What are they on about?
Does anybody need a mahogany-finish trouser press, wall-mountable, as new, with LED display and electronic timer? If so, there's one advertised for pound;25 in the newsagent's window.
Me? I'm not in the least tempted. For one thing, second-hand trousers are more my line. And for another, there's that phrase at the end of the ad. "Genuine reason for sale," it says. On the whole, I think it would be better to come straight out with it, if only because, in the absence of a plausible explanation, those words work horribly on the imagination.
What's the most likely "reason for sale"? I'm groping in the dark here, never having owned a trouser press. But my guess is that the thing seemed like a good idea at the time, but once set up and mounted on the wall, it proved more trouble than it was worth, requiring even more time than the dishwasher to set up every night, and with a nasty habit of triggering the smoke alarm at 3am.

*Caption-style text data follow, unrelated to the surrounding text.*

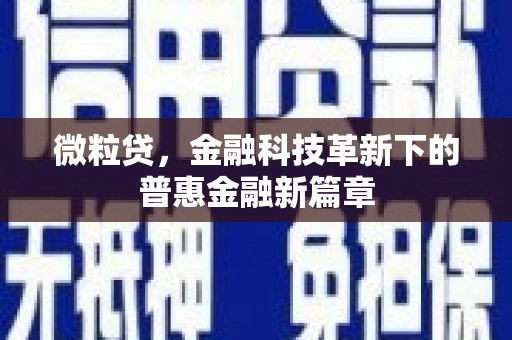 宝兴微粒贷，金融科技革新下的普惠金融新篇章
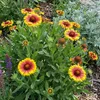 3x Gaillardia Arizona Sun P9H20 Produktbild-Vorschau 1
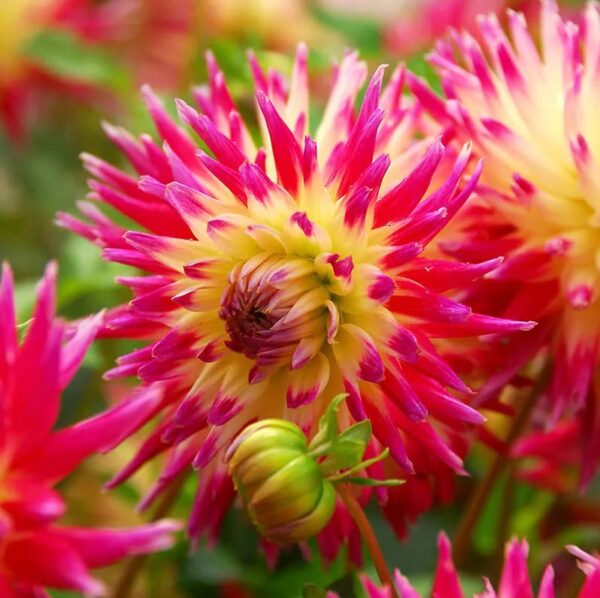 Votaniki Cactus Tahiti Sunrise Dahlia Bare Roots - Perennial, Large Bloom Dahlia, Easy to Grow | Tahiti Sunrise Dahlia Bare Root for Planting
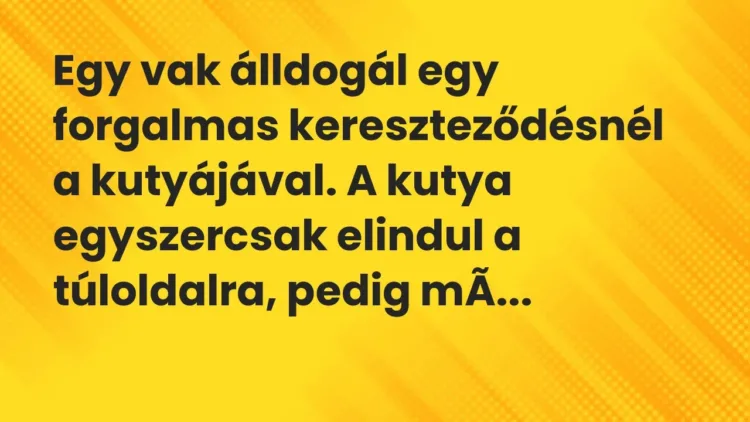 Vicc: Egy vak álldogál egy forgalmas kereszteződésnél a kutyájával. A kutya… Vicc: Egy vak álldogál egy forgalmas kereszteződésnél a kutyájával. A kutya…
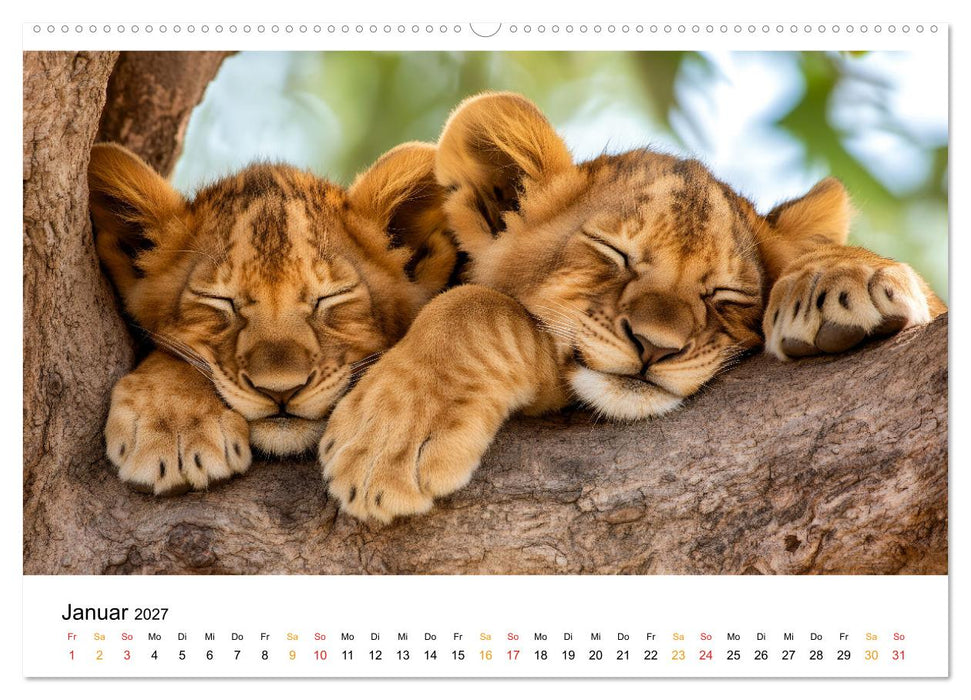 Wenn Tierchen träumen (CALVENDO Premium Wandkalender 2027)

The appropriate shorthand for the above, of course, is "unwanted gift". But this hint of some "genune reason". Does the owner no longer feel comfortable wearing men's clothing? And if not, why not? Maybe it's something complicated but essentially innocent, such as the boss deciding to introduce a "dressing down" policy in the office. Maybe.
My guess is that what we see in this little postcard is evidence of some greater domestic drama - a precursor of the sort of thing we will witness at number 43 a few years from now. There's a man at number 43 - I don't know his name - whose wife is called Val. I know this because the red and amber tiles on their roof have been arranged in such a way that they spell out the words "I LOVE VAL" for all the world to see.
Now, statistically, it seems inevitable that the day will dawn when passers-by, scanning the skyline for signs of better weather, will see a lone figure perched atop number 43, shuffling tiles late into the night. When "I LOVE VAL" becomes "I LOVE LIZ" or even "I LOVE IAN", then all the world will know about it. Almost as surely as if Val had put a card in the newsagent's window offering an as-new trouser press for pound;25.